Notable residents living in the area include Louis Comfort Tiffany (stained-glass artist). The racial makeup of Laurel Hollow comprises of 91.30% White, 0.88% African American, 6.84% Asian, 0.21% from other races, and 0.78% from two or more races. Most of its resident’s ancestries were Italian, Irish, German, English, Polish, Russian, Asian Indian, Greek, and Eastern European.
The Memorial Cemetery of St. John’s Church is situated along Rte. 25A in Laurel Hollow approximately one mile west of the church.
The median home value in Laurel Hollow is $1,434,500.
. Approximately 89.76% of Laurel Hollow homes are owned, compared to 5.04% rented, while 5.2% are vacant.
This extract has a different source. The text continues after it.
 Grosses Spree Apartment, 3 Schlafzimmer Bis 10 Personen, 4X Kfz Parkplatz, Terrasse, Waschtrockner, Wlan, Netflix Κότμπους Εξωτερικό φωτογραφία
Laurel Hollow is served by Cold Spring Harbor School District which also includes the two smaller communities such as the village of Lloyd Harbor and the Cold Spring Harbor area of Huntington. All school buildings in the district provide the services necessary to support their students with special needs. The Cold Spring Harbor Laboratory is the famous land mark in town which specializes in genetic research. The laboratory has a broad educational mission, including the recently established Watson School of Biological Sciences. A total of seven Nobel laureates have been associated with the lab.